(Short text fragments from websites)
• • • • • • •
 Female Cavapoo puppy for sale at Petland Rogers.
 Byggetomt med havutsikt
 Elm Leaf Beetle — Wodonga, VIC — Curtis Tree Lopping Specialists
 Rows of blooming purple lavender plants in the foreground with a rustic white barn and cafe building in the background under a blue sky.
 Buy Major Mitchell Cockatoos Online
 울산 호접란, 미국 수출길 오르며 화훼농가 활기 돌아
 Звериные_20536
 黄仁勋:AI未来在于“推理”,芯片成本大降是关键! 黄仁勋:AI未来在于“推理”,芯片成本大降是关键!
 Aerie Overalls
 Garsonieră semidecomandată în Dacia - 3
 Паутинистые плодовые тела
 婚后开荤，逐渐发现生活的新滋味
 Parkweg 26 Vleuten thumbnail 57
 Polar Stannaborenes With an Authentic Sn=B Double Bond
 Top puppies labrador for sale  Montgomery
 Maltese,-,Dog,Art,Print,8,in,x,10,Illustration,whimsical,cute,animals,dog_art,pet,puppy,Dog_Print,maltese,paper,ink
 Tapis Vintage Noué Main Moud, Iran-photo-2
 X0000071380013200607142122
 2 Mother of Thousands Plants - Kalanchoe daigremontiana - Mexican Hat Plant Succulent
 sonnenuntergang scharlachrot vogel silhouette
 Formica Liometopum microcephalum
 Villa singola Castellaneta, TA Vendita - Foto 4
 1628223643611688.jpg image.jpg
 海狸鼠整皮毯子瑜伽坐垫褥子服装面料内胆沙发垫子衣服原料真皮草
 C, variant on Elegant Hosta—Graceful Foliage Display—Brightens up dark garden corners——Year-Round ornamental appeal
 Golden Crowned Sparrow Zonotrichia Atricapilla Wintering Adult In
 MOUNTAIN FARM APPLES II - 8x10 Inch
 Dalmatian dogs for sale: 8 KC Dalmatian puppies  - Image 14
• • • • • • •
Retrieve each line from the records above where the word "puppies" occurs.

 Top puppies labrador for sale  Montgomery
 Dalmatian dogs for sale: 8 KC Dalmatian puppies  - Image 14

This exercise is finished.